Elle parle, un peu. Elle parle avec des phrases brèves, elle dit tout ce qu'il y a à dire clairement, pas plus, pas moins, uniquement les choses à savoir. Elle parle lentement, elle fait beaucoup de pauses entre ses mots, elle s'arrête longtemps pour écouter vos répliques à vous, elle semble y réfléchir profondément. Elle répond à propos. Elle vous dit qu'en bas de la rue, il y a sa voiture, que dedans il y a une immense valise. Elle dit que ce soir, elle s'en ira. Elle montera vers le nord, vers chez elle. Elle habite ici mais ne vit que là-bas. Elle dit qu'elle partira ce soir, que la nuit est plus belle, et que l'aube est plus belle encore. Elle dit qu'elle n'a prévenu personne, qu'elle ne veut pas déranger ou provoquer de crises inutiles. Elle dit qu'elle vous prévient, vous, elle ne sait pas pourquoi.

Pourtant, elle sait pourquoi, et vous aussi, vous supputez. Mais elle ne dira rien, et vous non plus.

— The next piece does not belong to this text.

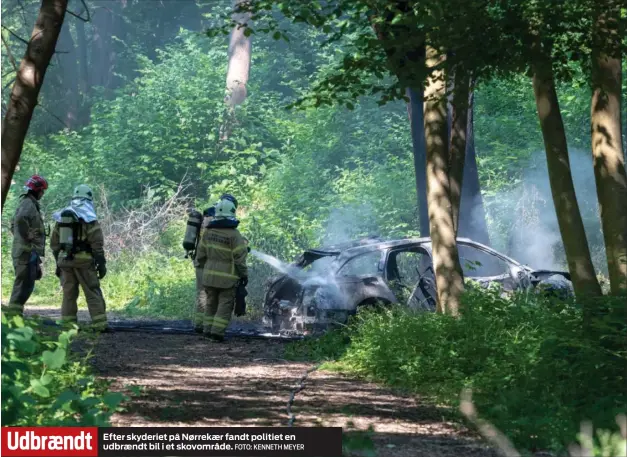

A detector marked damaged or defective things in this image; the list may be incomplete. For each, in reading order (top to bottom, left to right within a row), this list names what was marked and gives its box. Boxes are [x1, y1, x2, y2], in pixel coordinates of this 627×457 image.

burned car [262, 235, 576, 332]
burnt car wreck [262, 235, 576, 332]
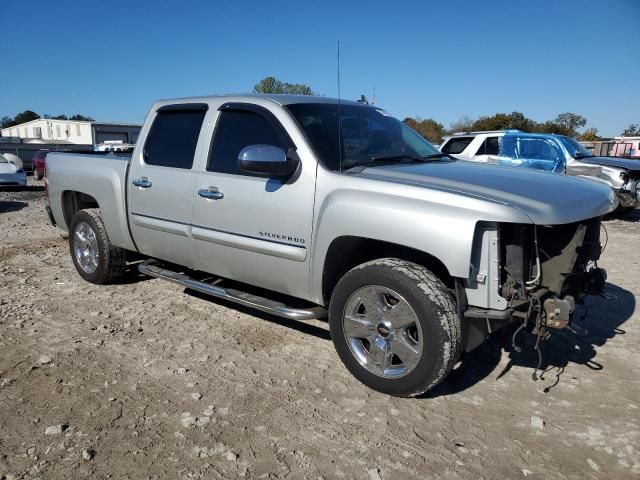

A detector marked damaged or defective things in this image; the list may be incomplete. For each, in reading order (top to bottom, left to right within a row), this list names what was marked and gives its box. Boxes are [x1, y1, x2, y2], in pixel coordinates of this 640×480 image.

Elle a fini de parler, et vous vous recommencez. Vous en parlez de rien, comme tout à l'heure, mais elle vous écoute toujours, et vos paroles semblent la faire réfléchir, beaucoup, comme à chaque fois que vous lui parlez. Vous lui demandez si elle reste jusqu'à son départ, elle dit oui. Elle promet de vous rappelez, quand elle rentre, pour sortir, faire la fête.

Quand elle s'en va, en guise d'adieu, vous osez le grand saut: vous la regardez dans les yeux, vous souriez. C'est un sourire docile, inaperçu. Elle n'a pas regardé. Elle a seulement vu. Plus tard, elle regardera en arrière, se souviendra du jour où elle vous a dit au revoir, puis verra enfin votre sourire. Elle regrettera peut-être de ne pas l'avoir rendu, c'est le seul contact humain qu'elle daigne avoir. Mais ça vous ne le savez pas. Vous savez uniquement que sitôt passée la porte, elle baissera les yeux, puis les relèvera, et vous laissera où vous êtes, elle montera dans sa voiture, et sortira de la ville. Au bout de deux stations d'autoroutes, en buvant son troisième café, elle réalisera qu'elle n'a guère envie de vous rappelez, que sans vous elle s'évitera de nombreuses tortures, pires encore que celles qu'elle vit en vous quittant, et qu'elle supprime en décidant qu'elle n'a nullement besoin de vous ou de quelqu'un d'autre et qu'elle ne rappellera personne.

Vous savez cela, et donc vous décidez de continuer à vivre, de ne plus l'attendre, elle est partie, si elle revient, elle fera tout pour vous croiser, mais jamais ne vous rappellera.